Yolanda Kakabadse is president of WWF International and senior adviser of the Ecuador-based Fundación Futuro Latinoamericano, which she founded in 1993 to promote sustainable development in Latin America. Kakabadse was minister of environment for the Republic of Ecuador from 1998 to 2000, and is a past president of the World Conservation Union. She has been a member of the Ford Foundation board since 2000.

Robert S. Kaplan is professor of management practice at Harvard Business School and a senior director of The Goldman Sachs Group. He was formerly a vice chairman of Goldman Sachs and headed its operations in Asia. He is a trustee of the Jewish Theological Seminary and board chair of Project ALS. He served as interim CEO of the Harvard Management Company, the group responsible for managing Harvard’s endowment, from November 2007 until June 2009. Kaplan has been a member of the Ford Foundation board since 2008.

Thurgood Marshall Jr. is a partner in the international law firm of Bingham McCutchen LLP in Washington, D.C., and a principal at Bingham Consulting Group. He served in the Clinton White House as assistant to the president and cabinet secretary, coordinating relations with executive branch departments from 1997 to 2001. He is vice-chairman of the U.S. Postal Service, and on the board of the National Women’s Law Center. Marshall has been a member of the Ford Foundation board since 2007.

N.R. Narayana Murthy is chairman emeritus of Infosys Limited, one of the world’s largest software services firms, which he co-founded in India in 1981. Murthy also serves on the boards of several global companies, including HSBC. He is a member of the advisory boards and councils of several educational institutions, including The Wharton School of the University of Pennsylvania, Cornell University, University of Tokyo and others. Murthy has been a member of the Ford Foundation board since 2008.

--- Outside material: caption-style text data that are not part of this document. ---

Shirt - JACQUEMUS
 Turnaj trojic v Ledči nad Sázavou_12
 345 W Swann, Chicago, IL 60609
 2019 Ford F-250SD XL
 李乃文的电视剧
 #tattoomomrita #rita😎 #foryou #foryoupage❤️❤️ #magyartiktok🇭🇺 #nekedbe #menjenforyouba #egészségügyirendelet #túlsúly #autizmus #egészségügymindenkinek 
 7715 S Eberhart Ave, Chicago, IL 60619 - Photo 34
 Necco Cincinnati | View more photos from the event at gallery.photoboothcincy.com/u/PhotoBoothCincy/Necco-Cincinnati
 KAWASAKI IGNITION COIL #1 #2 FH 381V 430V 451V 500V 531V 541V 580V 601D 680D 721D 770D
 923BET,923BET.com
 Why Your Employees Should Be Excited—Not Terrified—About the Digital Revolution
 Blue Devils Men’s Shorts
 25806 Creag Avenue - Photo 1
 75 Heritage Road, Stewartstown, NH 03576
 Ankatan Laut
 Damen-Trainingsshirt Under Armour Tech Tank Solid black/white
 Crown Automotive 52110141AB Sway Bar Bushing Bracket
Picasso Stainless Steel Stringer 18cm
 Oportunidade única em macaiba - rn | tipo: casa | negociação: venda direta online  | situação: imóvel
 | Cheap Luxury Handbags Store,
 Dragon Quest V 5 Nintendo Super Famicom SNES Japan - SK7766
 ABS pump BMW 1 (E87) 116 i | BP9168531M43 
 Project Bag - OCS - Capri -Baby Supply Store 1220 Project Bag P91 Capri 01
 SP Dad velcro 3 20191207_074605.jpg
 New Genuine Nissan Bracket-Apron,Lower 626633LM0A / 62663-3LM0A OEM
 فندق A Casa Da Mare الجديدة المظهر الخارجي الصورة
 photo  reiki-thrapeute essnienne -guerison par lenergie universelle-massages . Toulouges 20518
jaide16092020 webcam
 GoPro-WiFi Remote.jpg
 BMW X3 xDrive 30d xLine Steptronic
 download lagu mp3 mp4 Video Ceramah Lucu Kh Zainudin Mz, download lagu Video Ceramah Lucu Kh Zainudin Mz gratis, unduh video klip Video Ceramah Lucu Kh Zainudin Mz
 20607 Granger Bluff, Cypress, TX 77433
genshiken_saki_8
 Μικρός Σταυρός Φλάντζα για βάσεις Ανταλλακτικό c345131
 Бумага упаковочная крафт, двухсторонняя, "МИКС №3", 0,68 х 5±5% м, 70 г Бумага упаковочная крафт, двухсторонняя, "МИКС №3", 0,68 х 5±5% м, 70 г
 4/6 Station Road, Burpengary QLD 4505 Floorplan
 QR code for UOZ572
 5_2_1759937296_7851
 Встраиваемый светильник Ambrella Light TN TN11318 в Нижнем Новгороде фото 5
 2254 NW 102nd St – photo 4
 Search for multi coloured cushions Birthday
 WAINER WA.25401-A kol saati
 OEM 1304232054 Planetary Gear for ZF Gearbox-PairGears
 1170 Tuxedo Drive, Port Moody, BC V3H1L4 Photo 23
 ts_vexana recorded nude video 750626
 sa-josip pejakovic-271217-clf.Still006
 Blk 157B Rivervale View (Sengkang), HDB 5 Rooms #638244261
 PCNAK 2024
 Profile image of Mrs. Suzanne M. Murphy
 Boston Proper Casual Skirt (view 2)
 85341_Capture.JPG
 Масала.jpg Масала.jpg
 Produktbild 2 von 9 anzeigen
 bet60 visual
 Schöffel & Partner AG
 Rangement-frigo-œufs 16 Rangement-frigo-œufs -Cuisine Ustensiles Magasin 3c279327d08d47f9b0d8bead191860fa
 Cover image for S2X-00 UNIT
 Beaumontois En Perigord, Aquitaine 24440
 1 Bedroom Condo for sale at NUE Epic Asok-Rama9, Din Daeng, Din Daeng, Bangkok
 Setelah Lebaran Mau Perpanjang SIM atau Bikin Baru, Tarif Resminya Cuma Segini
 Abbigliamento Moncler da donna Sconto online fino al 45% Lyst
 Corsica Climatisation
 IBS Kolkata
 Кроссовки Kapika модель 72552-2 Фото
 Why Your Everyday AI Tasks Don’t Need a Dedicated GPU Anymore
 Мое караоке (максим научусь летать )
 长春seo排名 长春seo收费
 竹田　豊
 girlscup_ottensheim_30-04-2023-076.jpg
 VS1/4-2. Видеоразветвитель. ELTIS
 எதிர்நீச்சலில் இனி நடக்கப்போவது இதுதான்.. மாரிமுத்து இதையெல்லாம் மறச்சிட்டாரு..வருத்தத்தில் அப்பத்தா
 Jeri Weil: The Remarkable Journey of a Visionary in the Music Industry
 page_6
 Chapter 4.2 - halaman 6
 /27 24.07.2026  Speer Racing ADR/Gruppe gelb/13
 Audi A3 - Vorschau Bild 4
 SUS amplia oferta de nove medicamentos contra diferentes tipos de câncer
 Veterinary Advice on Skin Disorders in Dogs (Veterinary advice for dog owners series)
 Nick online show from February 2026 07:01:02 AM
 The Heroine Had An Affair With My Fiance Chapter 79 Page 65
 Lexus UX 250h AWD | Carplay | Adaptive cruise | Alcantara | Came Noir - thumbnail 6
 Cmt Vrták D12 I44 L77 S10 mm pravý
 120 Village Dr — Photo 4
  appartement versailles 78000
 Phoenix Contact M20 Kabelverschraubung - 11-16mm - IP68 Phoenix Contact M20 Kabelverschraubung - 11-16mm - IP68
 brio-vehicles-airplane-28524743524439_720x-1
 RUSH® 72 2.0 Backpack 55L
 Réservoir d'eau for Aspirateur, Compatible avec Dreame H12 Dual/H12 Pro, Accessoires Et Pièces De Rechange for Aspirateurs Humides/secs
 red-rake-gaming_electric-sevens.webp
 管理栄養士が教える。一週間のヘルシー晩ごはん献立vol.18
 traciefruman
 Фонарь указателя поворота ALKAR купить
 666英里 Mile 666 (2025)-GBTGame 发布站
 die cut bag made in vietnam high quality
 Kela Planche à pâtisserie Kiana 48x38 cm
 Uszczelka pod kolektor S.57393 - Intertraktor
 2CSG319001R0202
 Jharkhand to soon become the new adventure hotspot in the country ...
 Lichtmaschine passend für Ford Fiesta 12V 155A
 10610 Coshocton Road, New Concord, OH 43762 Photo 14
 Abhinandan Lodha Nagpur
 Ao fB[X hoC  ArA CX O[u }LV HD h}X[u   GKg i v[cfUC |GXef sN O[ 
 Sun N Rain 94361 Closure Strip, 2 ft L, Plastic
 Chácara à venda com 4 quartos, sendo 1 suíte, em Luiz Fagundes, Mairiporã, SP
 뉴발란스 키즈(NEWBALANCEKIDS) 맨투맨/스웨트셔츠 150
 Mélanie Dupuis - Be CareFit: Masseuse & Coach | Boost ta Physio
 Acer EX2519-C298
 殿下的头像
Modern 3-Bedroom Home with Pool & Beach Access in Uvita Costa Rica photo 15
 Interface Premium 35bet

Peter A. Nadosy is managing partner of East End Advisors. Until 2008, he served as president and vice chairman of Morgan Stanley Asset Management. He has served as a board member of WWF USA, as chair of the Amherst College investment committee, and since 2004 as a board member of the Harvard Management Company, where he was also interim CEO from summer 2005 to March 2006. Nadosy has been a member of the Ford Foundation board since 2009.

Cecile Richards is president of the Planned Parenthood Federation of America and the Planned Parenthood Action Fund. Earlier, she served as deputy chief of staff for House Speaker Nancy Pelosi, and in 2004, founded and served as president of America Votes, a coalition of 42 national organizations working on voter registration, education and mobilization. Richards has been a member of the Ford Foundation board since 2010.

The Ford Foundation

The Ford Foundation is an independent organization working to address inequality and build a future grounded in justice. For more than 85 years, it has supported visionaries on the frontlines of social change worldwide, guided by its mission to strengthen democratic values, reduce poverty and injustice, promote international cooperation, and advance human achievement. Today, with an endowment of $16 billion, the foundation has headquarters in New York and 10 regional offices across Africa, Asia, Latin America, and the Middle East.